■ ASSIGNED TASK
Can the lines below, from the one that holds "[Australia - AusPower]" to the very end, be echoed exactly, with both ends included and no pictures?

■ DATA SECTION
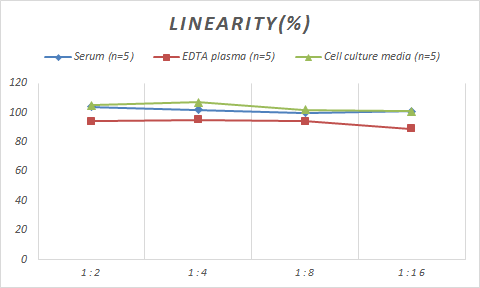 Samples were spiked with high concentrations of Monkey GDF-8/Myostatin, and diluted with Reference Standard & Sample Diluent to produce samples with values within the range of the assay.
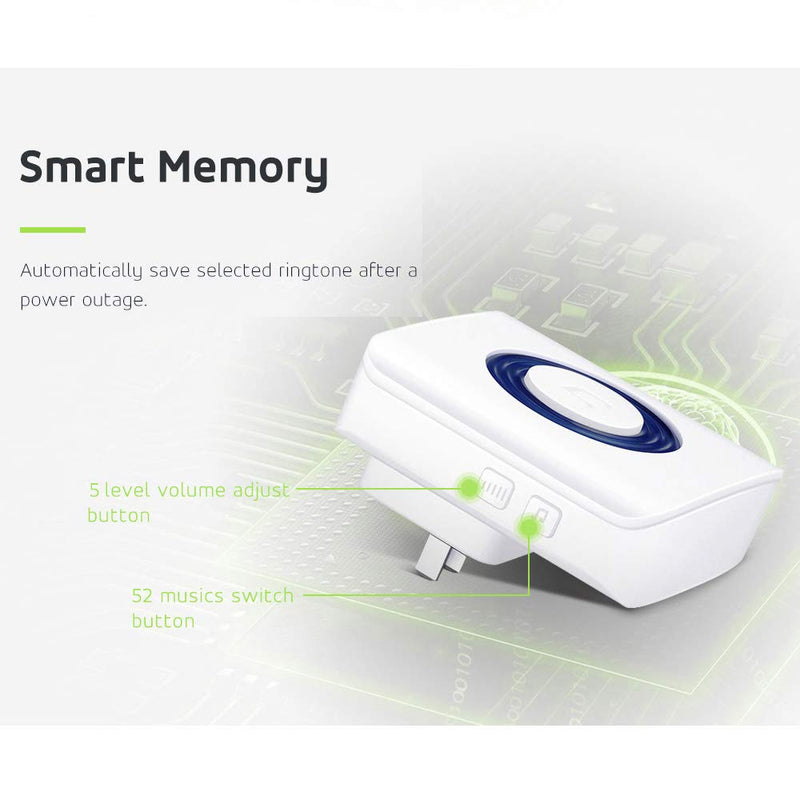 [Australia - AusPower] - Caregiver Add On Receiver- Part of Wireless Caregiver Pager Motion Sensor Alert Room Bed Alarm and Fall Prevention for Home Patients Elderly with 52 Ring Tones 1 Receiver 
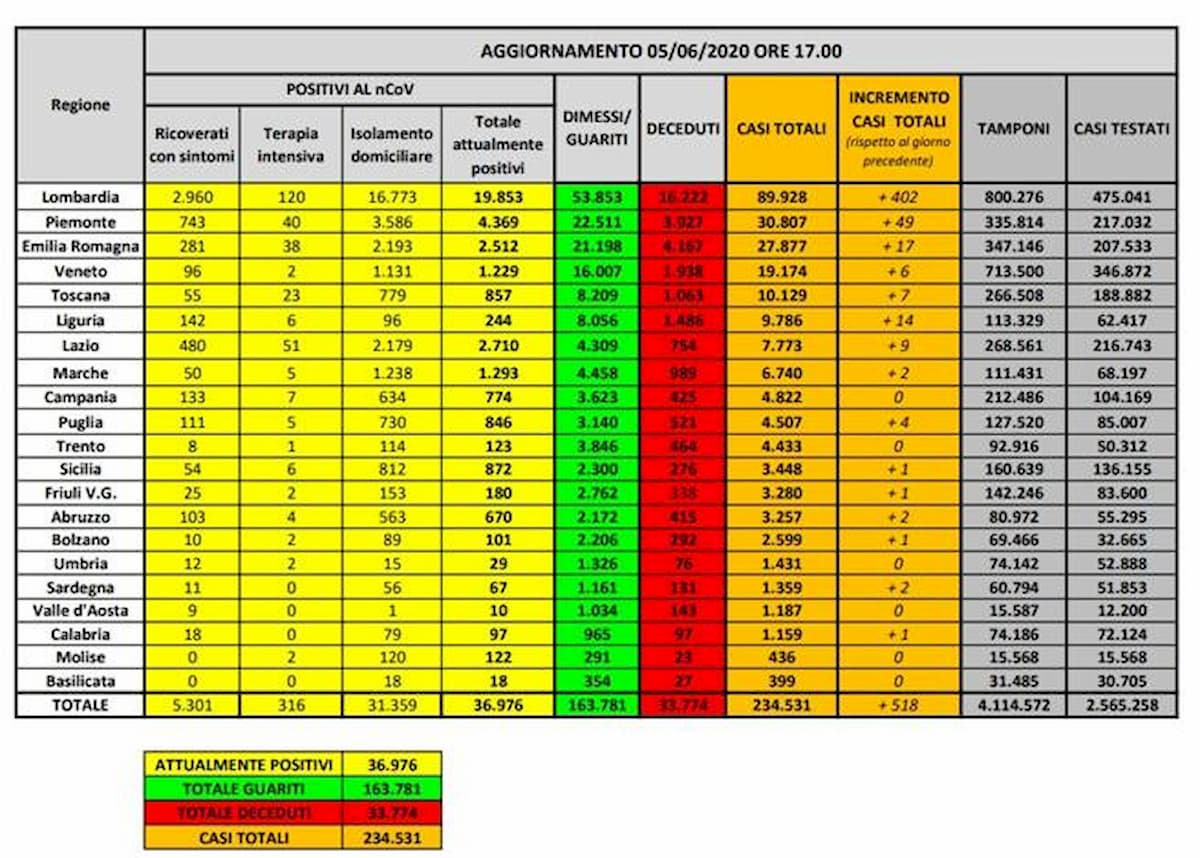 Coronavirus, risalgono i contagi: 518 in più. Ma aumentano anche i guariti: 1.886 in 24 ore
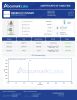 GLP-3 RT 50mg Peptides - Lab Report Thumbnail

■ ANSWER TO THE EXERCISE
 [Australia - AusPower] - Caregiver Add On Receiver- Part of Wireless Caregiver Pager Motion Sensor Alert Room Bed Alarm and Fall Prevention for Home Patients Elderly with 52 Ring Tones 1 Receiver 
 Coronavirus, risalgono i contagi: 518 in più. Ma aumentano anche i guariti: 1.886 in 24 ore
 GLP-3 RT 50mg Peptides - Lab Report Thumbnail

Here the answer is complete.